WORK ORDER: Task for the records below: please copy exactly, and only, the lines from the one containing "DUO(デュオ)のDuoクレ" to the last line, both included, leaving out the pictures.

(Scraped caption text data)
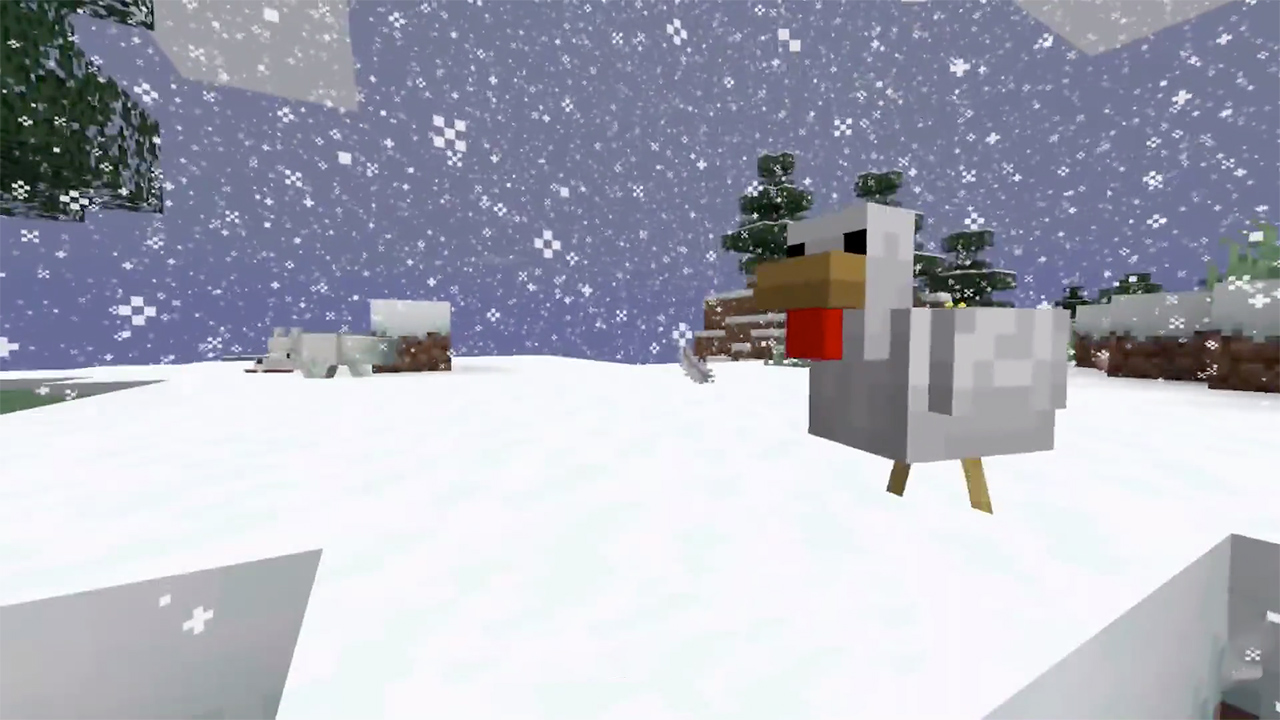 我的世界冷门彩蛋大曝光,我的世界里头的恐怖细节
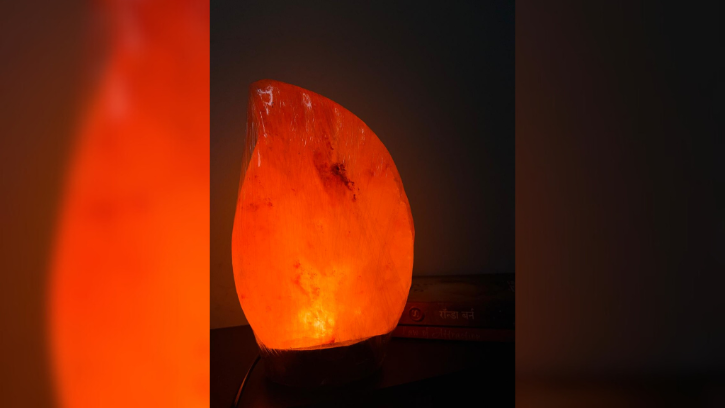 Himalayan Rock Salt Lamps(4 to5kg)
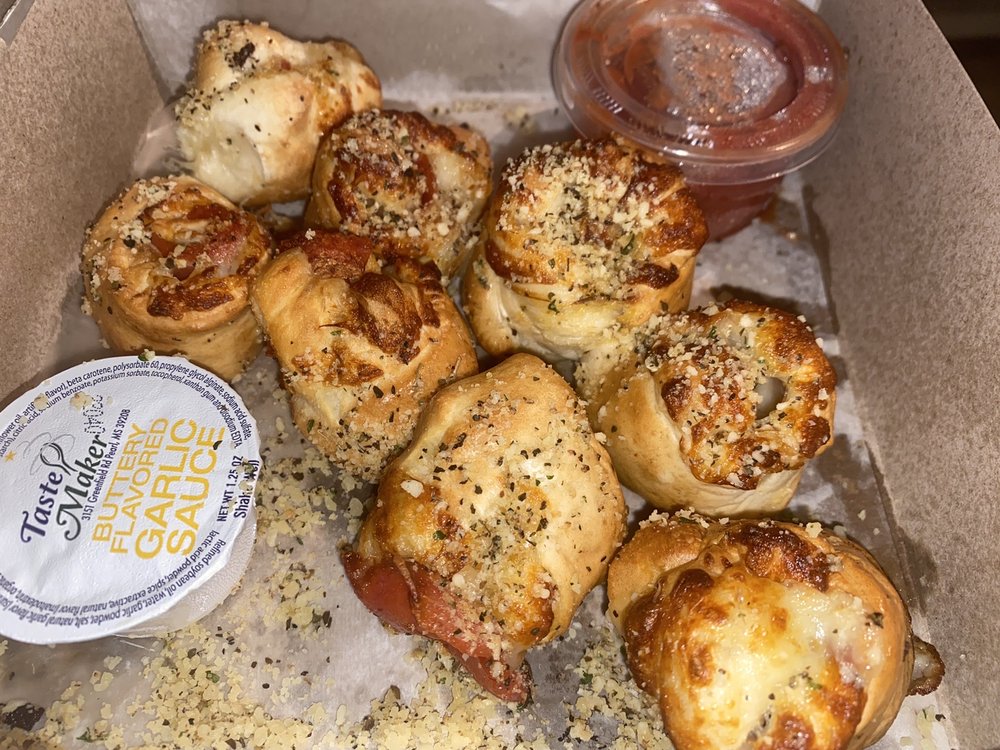 Food from D.P. Dough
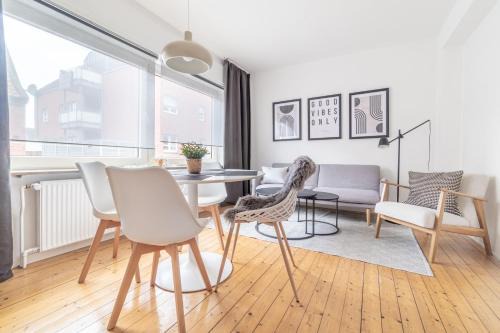 Ganzes Haus - Stadtmitte - 5 Personen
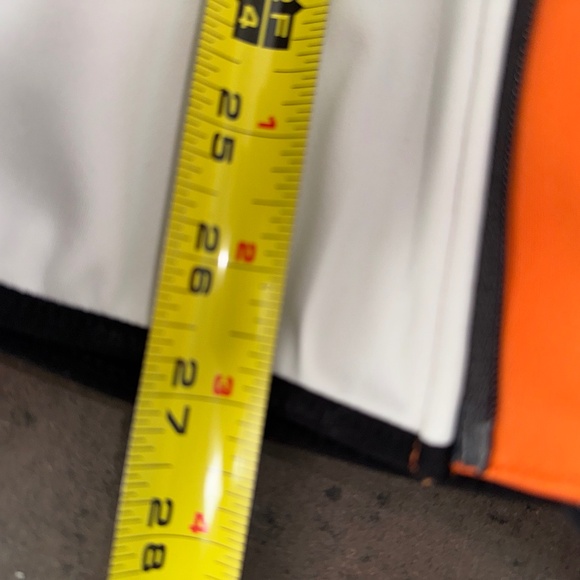 CRAFT Canada CORE Glide Block Jacket M-Chestnut/Slate Mens sz L - Picture 12 of 12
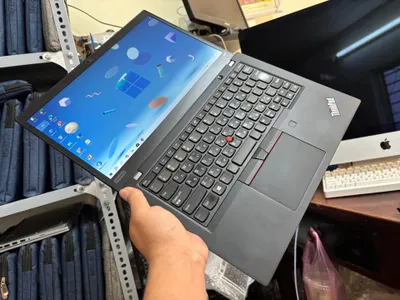 Bán laptop Lenovo ThinkPad X13 G1, 5,9 triệu VND — 3/7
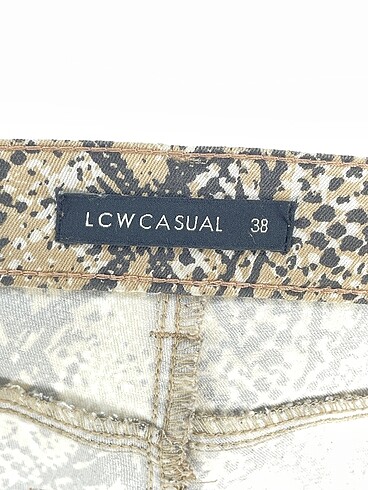 38 Beden çeşitli Renk LC Waikiki Skinny %70 İndirimli.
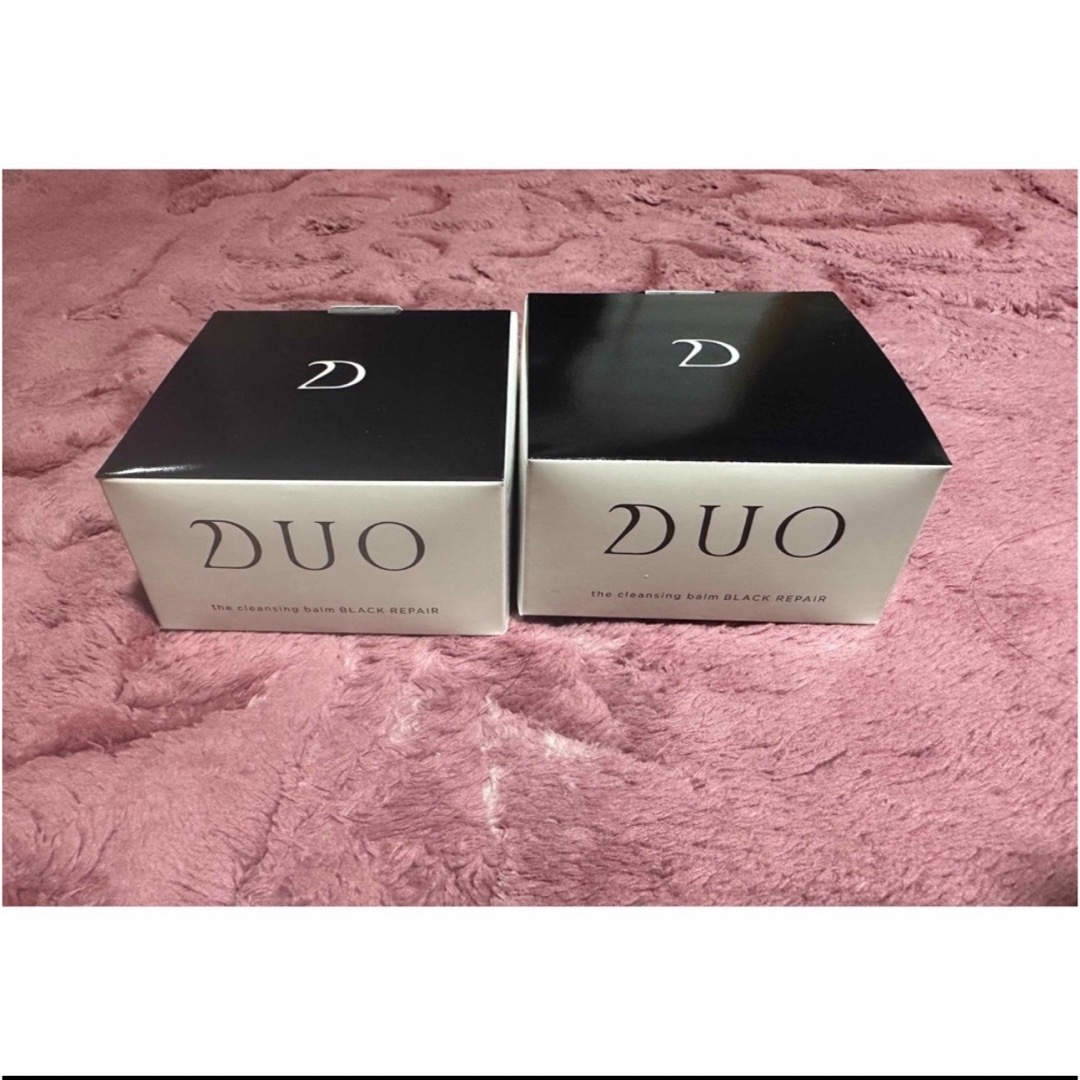 DUO(デュオ)のDuoクレンジングバーム コスメ/美容のスキンケア/基礎化粧品(クレンジング/メイク落とし)の商品写真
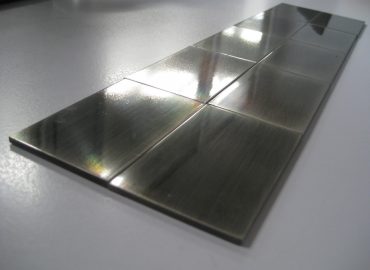 Polaris Antique Nickel + Clear Gloss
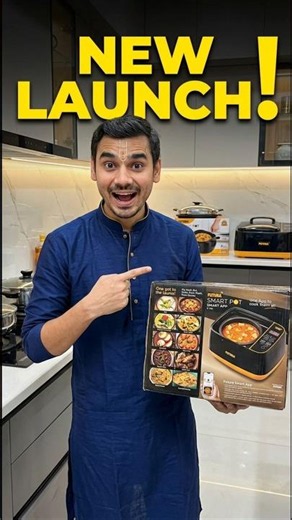 One Appliances, Unlimited Cooking? 🤯 FUTURA Smart Pot Review #hawkins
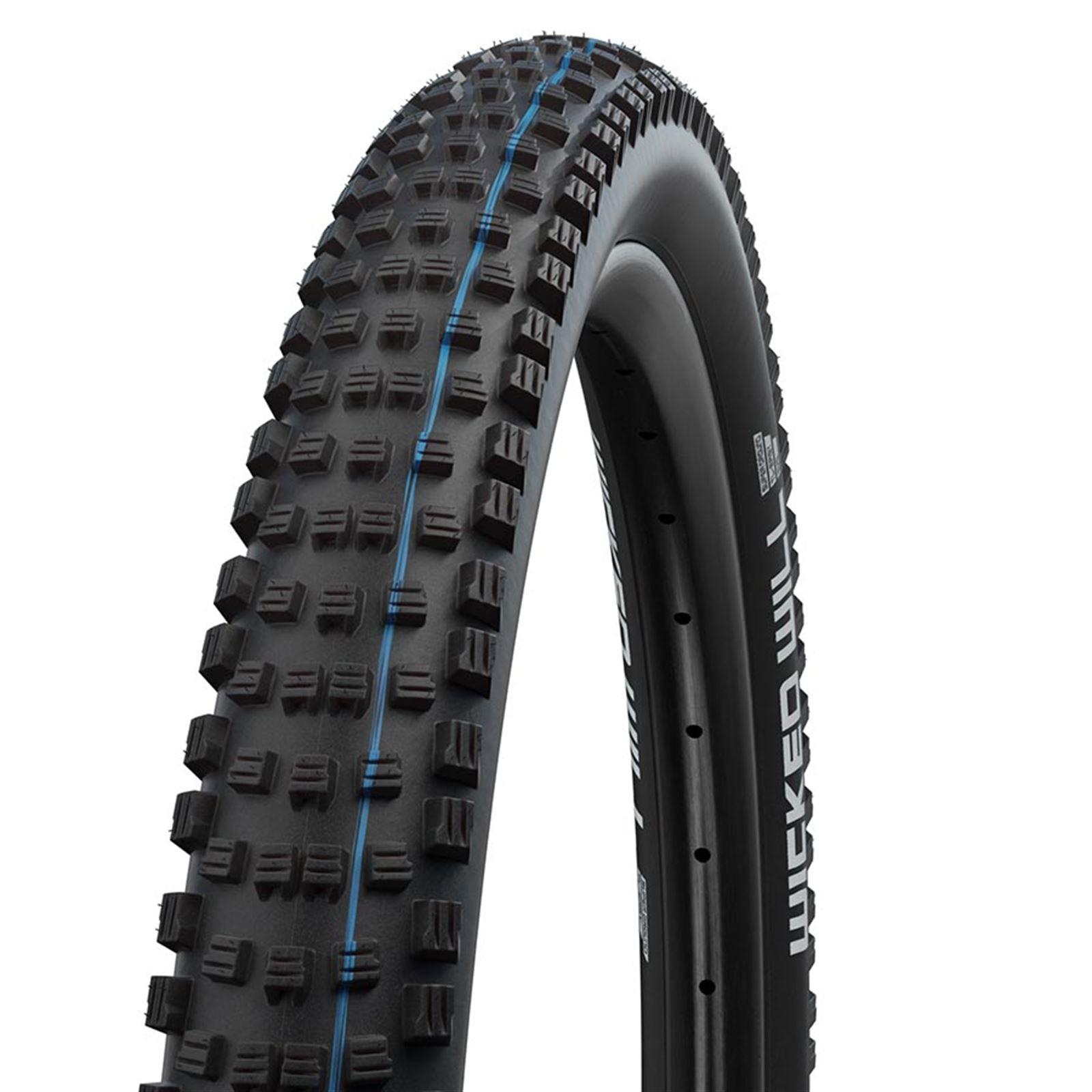 Schwalbe Wicked Will Mountain Tire 27.5"x2.40 - Black 11654269_1129537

COMPLETED TASK:
 DUO(デュオ)のDuoクレンジングバーム コスメ/美容のスキンケア/基礎化粧品(クレンジング/メイク落とし)の商品写真
 Polaris Antique Nickel + Clear Gloss
 One Appliances, Unlimited Cooking? 🤯 FUTURA Smart Pot Review #hawkins
 Schwalbe Wicked Will Mountain Tire 27.5"x2.40 - Black 11654269_1129537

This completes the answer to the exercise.